** Dataset excerpts follows **
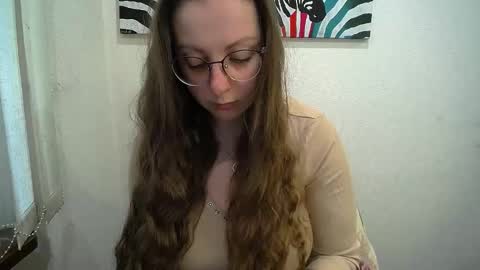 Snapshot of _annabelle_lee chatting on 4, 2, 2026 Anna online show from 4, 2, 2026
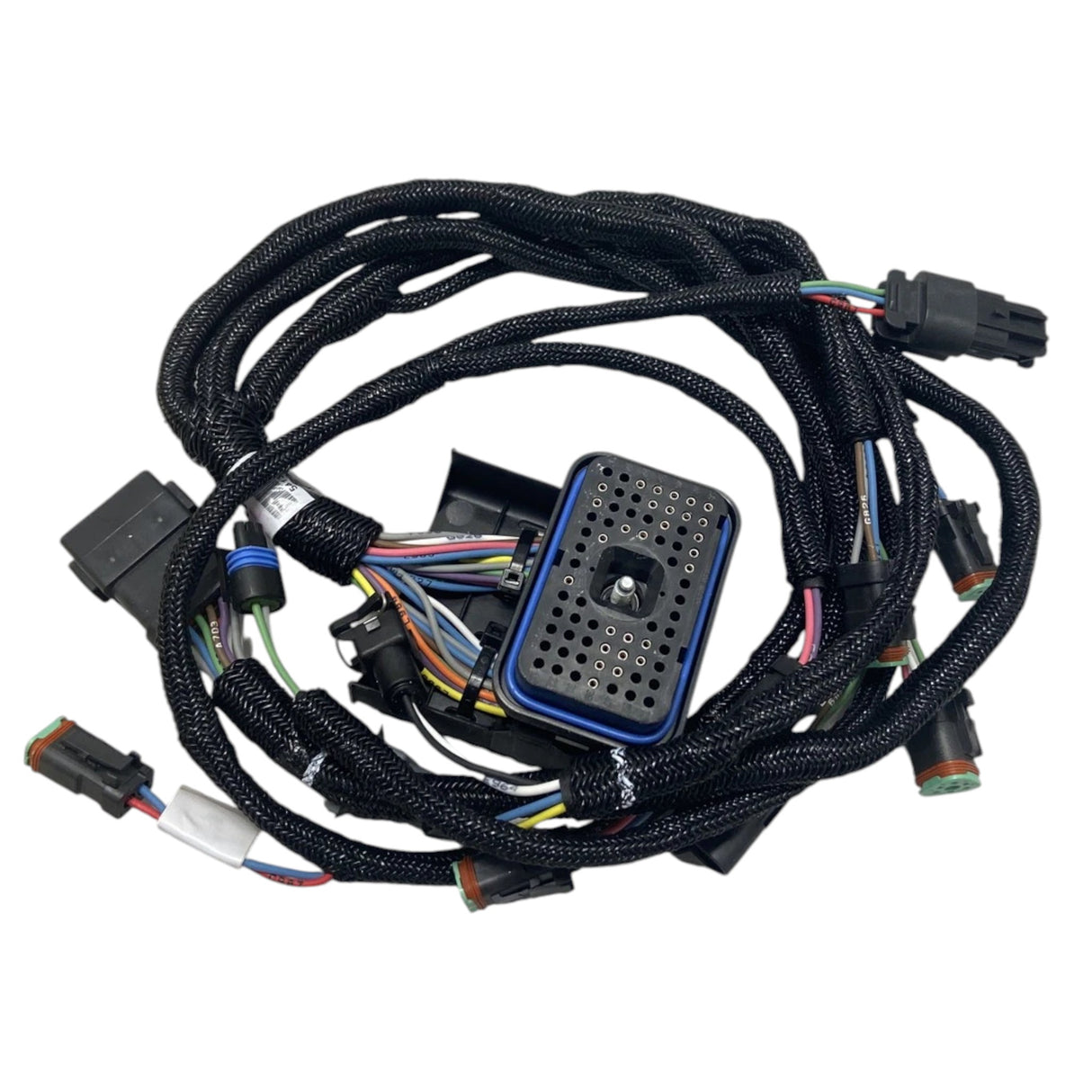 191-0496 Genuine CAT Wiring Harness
** End of Dataset excerpts **
** Dataset excerpts follows **
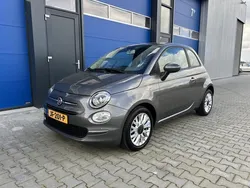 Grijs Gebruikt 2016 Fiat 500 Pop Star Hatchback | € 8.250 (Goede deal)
** End of Dataset excerpts **
** Dataset excerpts follows **
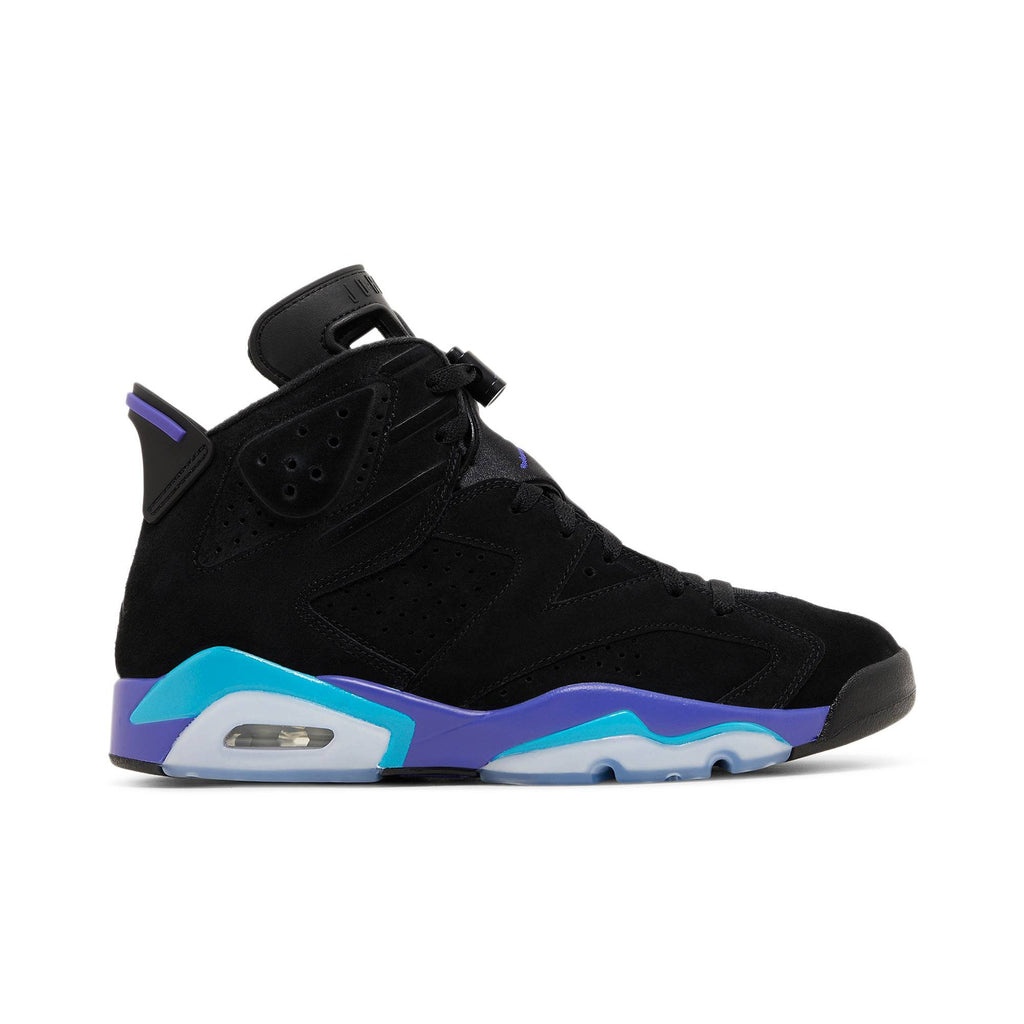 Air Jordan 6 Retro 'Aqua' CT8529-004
** End of Dataset excerpts **
**Exercise aim**. The reply should hold the entries above from the line with "Snapshot of _annabelle_lee" to the line with "191-0496 Genuine CAT Wiring Harness", duplicated exactly, pictures excluded.

**Answer for this exercise**.
 Snapshot of _annabelle_lee chatting on 4, 2, 2026 Anna online show from 4, 2, 2026
 191-0496 Genuine CAT Wiring Harness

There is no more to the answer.